Ética demostrada según el orden geométrico
Ética demostrada según el orden geométrico Demostración: En efecto: la cosa amada odia a su vez a quien la odia (por la Proposición 40 de esta Parte), y, de esta suerte, el amante que imagina que alguien odia a la cosa amada, por eso mismo imagina a la cosa amada afectada de odio, esto es (por el Escolio de la Proposición 13 de esta Parte), de tristeza, y, por consiguiente (por la Proposición 21 de esta Parte), se entristece, y ello junto, como a su causa, a la idea de aquel que odia la cosa. Es decir (por el Escolio de la Proposición 13 de esta Parte), odiará a ese otro. Q.E.D.
PROPOSICIÓN XLVI
Si alguien ha sido afectado por otro, cuya clase o nación es distinta de la suya, de alegría o tristeza, acompañada como su causa por la idea de ese otro bajo el nombre genérico de la clase o de la nación, no solamente amará u odiará a ese otro, sino a todos los de su clase o nación.
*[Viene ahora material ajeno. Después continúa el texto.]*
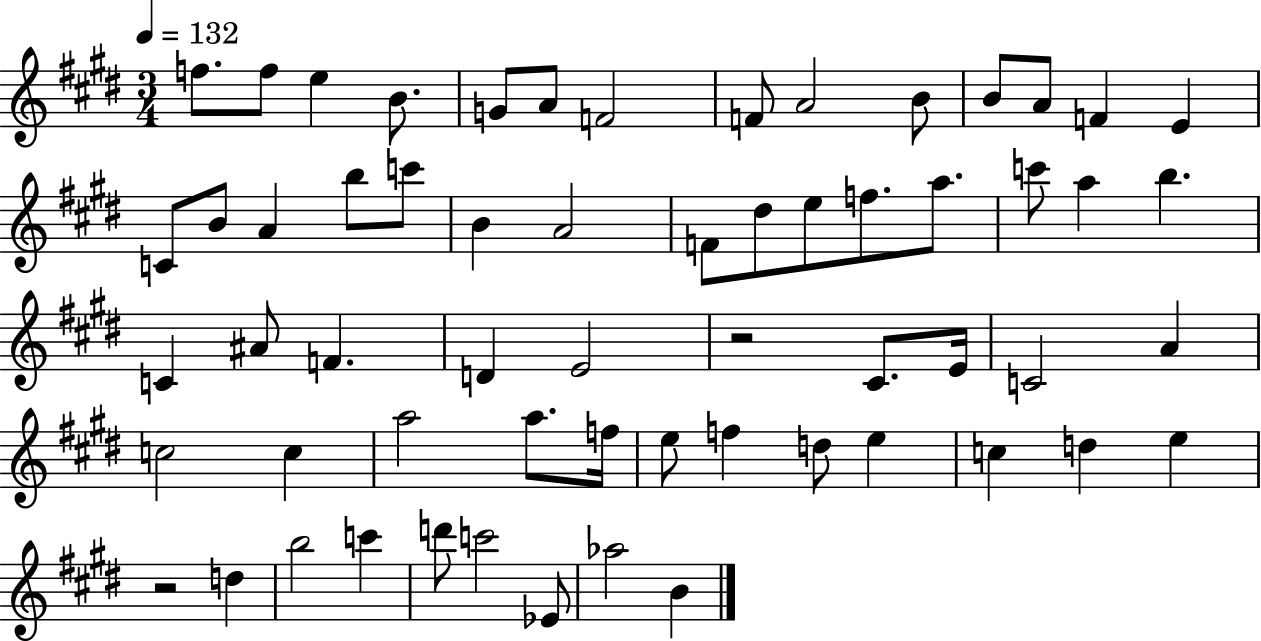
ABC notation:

X:1
T:Untitled
M:3/4
L:1/4
K:E
f/2 f/2 e B/2 G/2 A/2 F2 F/2 A2 B/2 B/2 A/2 F E C/2 B/2 A b/2 c'/2 B A2 F/2 ^d/2 e/2 f/2 a/2 c'/2 a b C ^A/2 F D E2 z2 ^C/2 E/4 C2 A c2 c a2 a/2 f/4 e/2 f d/2 e c d e z2 d b2 c' d'/2 c'2 _E/2 _a2 B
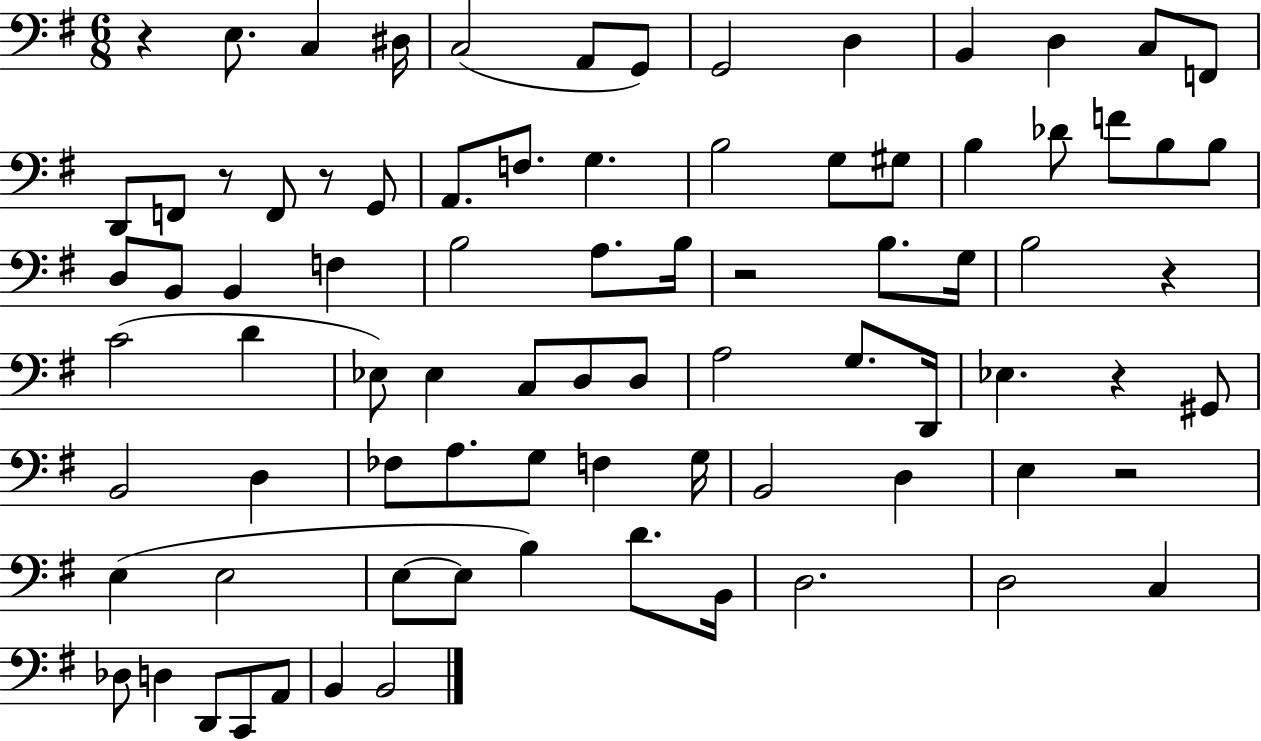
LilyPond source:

{
  \clef bass
  \numericTimeSignature
  \time 6/8
  \key g \major
  r4 e8. c4 dis16 | c2( a,8 g,8) | g,2 d4 | b,4 d4 c8 f,8 | \break d,8 f,8 r8 f,8 r8 g,8 | a,8. f8. g4. | b2 g8 gis8 | b4 des'8 f'8 b8 b8 | \break d8 b,8 b,4 f4 | b2 a8. b16 | r2 b8. g16 | b2 r4 | \break c'2( d'4 | ees8) ees4 c8 d8 d8 | a2 g8. d,16 | ees4. r4 gis,8 | \break b,2 d4 | fes8 a8. g8 f4 g16 | b,2 d4 | e4 r2 | \break e4( e2 | e8~~ e8 b4) d'8. b,16 | d2. | d2 c4 | \break des8 d4 d,8 c,8 a,8 | b,4 b,2 | \bar "|."
}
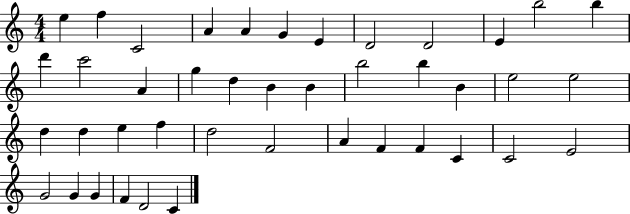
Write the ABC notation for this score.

X:1
T:Untitled
M:4/4
L:1/4
K:C
e f C2 A A G E D2 D2 E b2 b d' c'2 A g d B B b2 b B e2 e2 d d e f d2 F2 A F F C C2 E2 G2 G G F D2 C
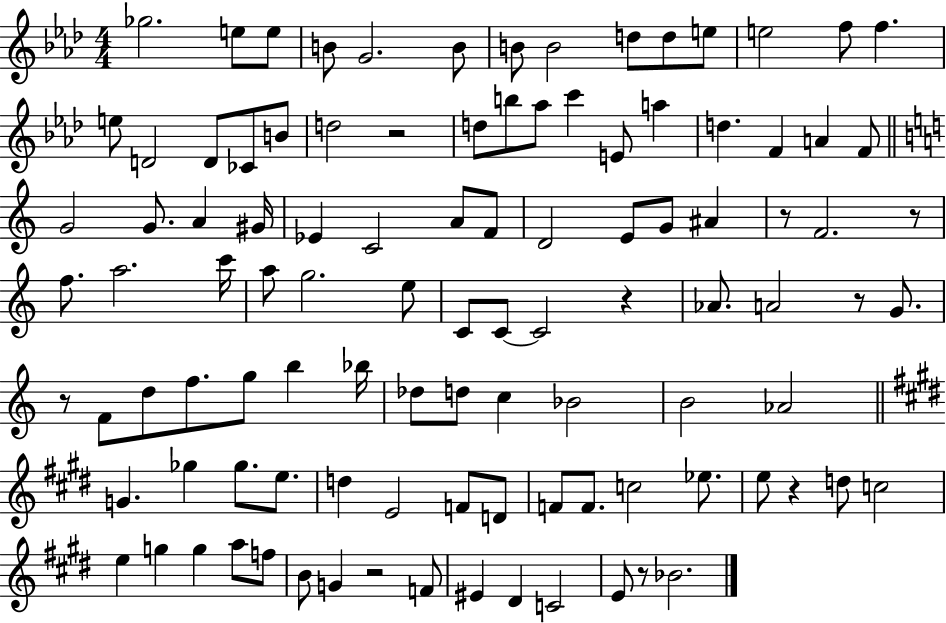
Gb5/h. E5/e E5/e B4/e G4/h. B4/e B4/e B4/h D5/e D5/e E5/e E5/h F5/e F5/q. E5/e D4/h D4/e CES4/e B4/e D5/h R/h D5/e B5/e Ab5/e C6/q E4/e A5/q D5/q. F4/q A4/q F4/e G4/h G4/e. A4/q G#4/s Eb4/q C4/h A4/e F4/e D4/h E4/e G4/e A#4/q R/e F4/h. R/e F5/e. A5/h. C6/s A5/e G5/h. E5/e C4/e C4/e C4/h R/q Ab4/e. A4/h R/e G4/e. R/e F4/e D5/e F5/e. G5/e B5/q Bb5/s Db5/e D5/e C5/q Bb4/h B4/h Ab4/h G4/q. Gb5/q Gb5/e. E5/e. D5/q E4/h F4/e D4/e F4/e F4/e. C5/h Eb5/e. E5/e R/q D5/e C5/h E5/q G5/q G5/q A5/e F5/e B4/e G4/q R/h F4/e EIS4/q D#4/q C4/h E4/e R/e Bb4/h.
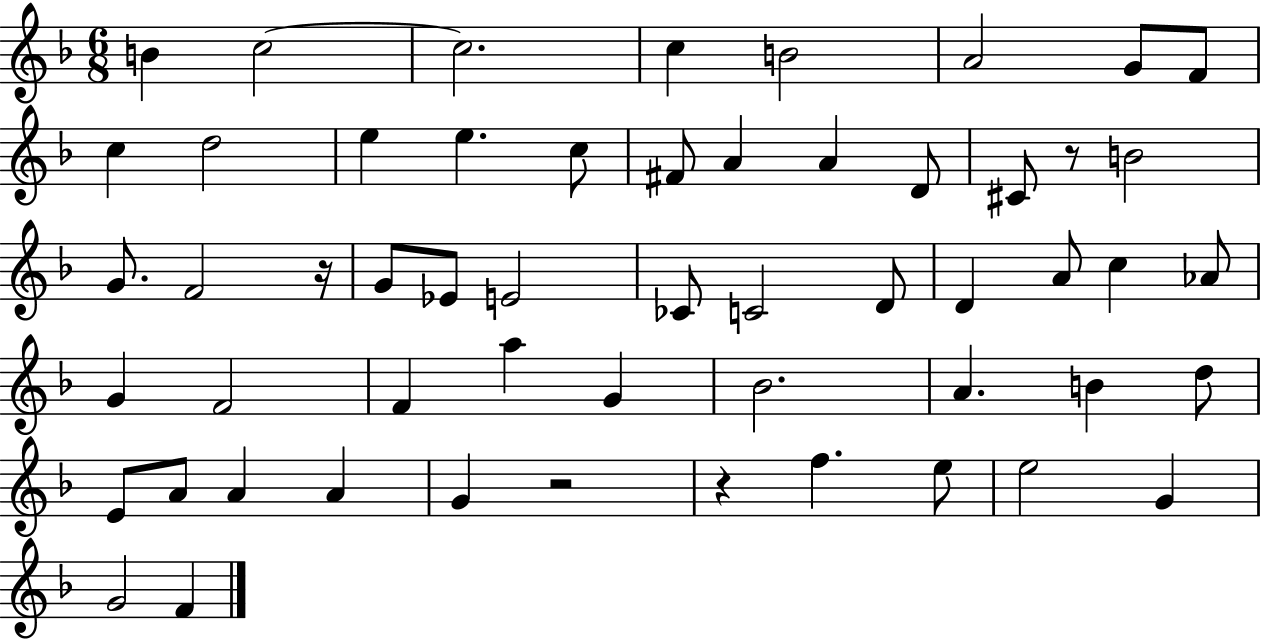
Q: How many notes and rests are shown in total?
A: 55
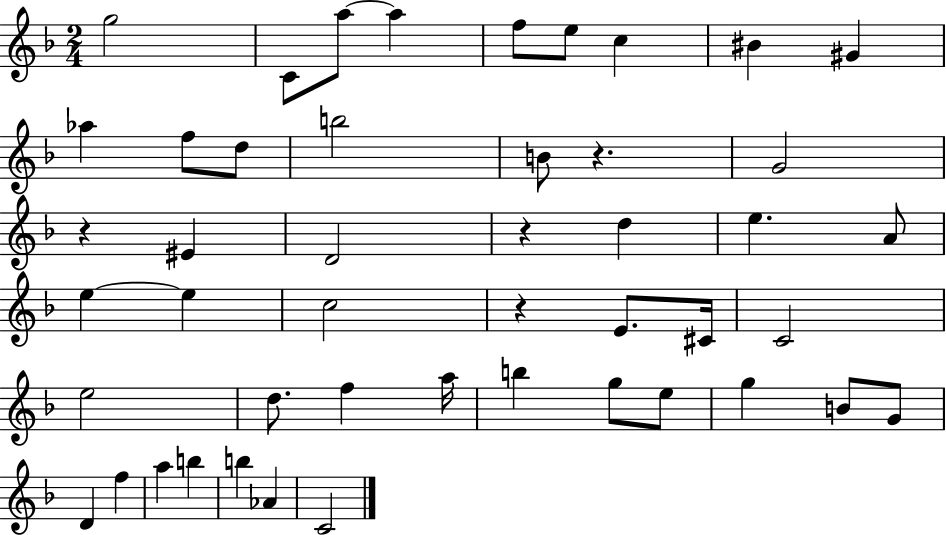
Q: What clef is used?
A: treble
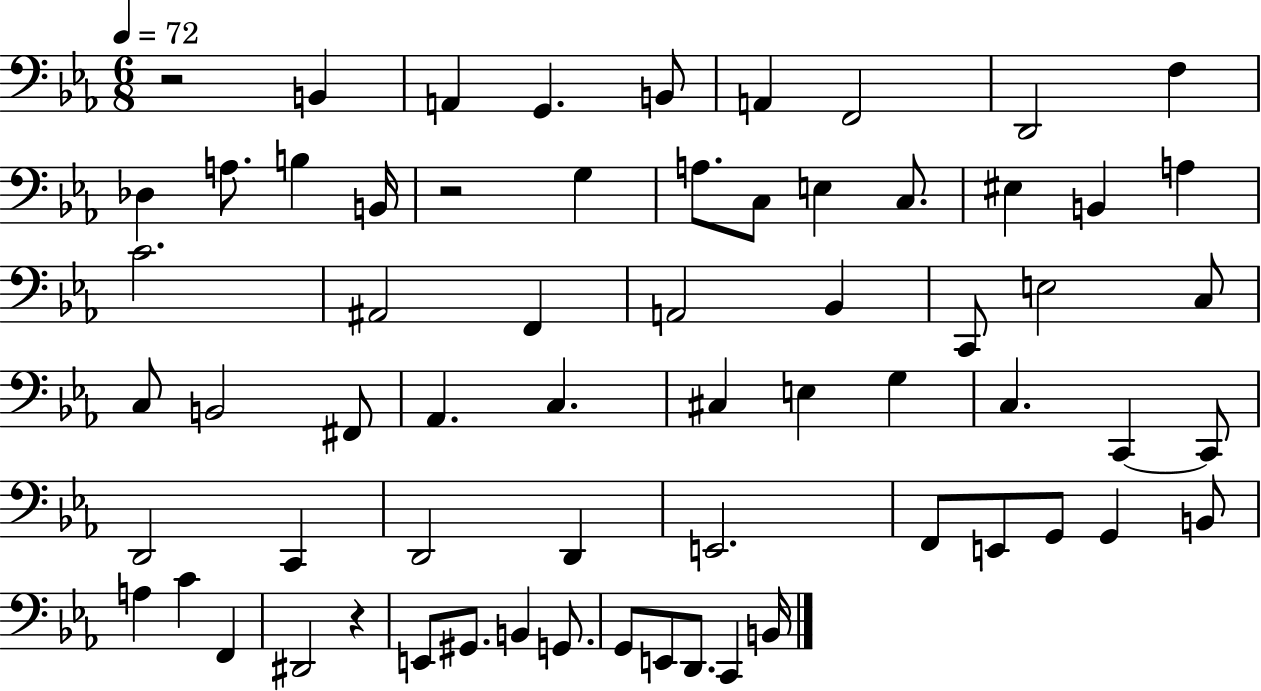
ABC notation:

X:1
T:Untitled
M:6/8
L:1/4
K:Eb
z2 B,, A,, G,, B,,/2 A,, F,,2 D,,2 F, _D, A,/2 B, B,,/4 z2 G, A,/2 C,/2 E, C,/2 ^E, B,, A, C2 ^A,,2 F,, A,,2 _B,, C,,/2 E,2 C,/2 C,/2 B,,2 ^F,,/2 _A,, C, ^C, E, G, C, C,, C,,/2 D,,2 C,, D,,2 D,, E,,2 F,,/2 E,,/2 G,,/2 G,, B,,/2 A, C F,, ^D,,2 z E,,/2 ^G,,/2 B,, G,,/2 G,,/2 E,,/2 D,,/2 C,, B,,/4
Demostración: La demostración de esto es evidente, en virtud de la Proposición 16 de esta Parte.
PROPOSICIÓN XLVII
La alegría surgida de que imaginamos que una cosa que odiamos es destruida, o afectada de otro mal, no surge sin alguna tristeza del ánimo.
Demostración: Es evidente por la Proposición 27 de esta Parte. Pues en cuanto imaginamos que una cosa semejante a nosotros está afectada de tristeza, en esa medida nos entristecemos.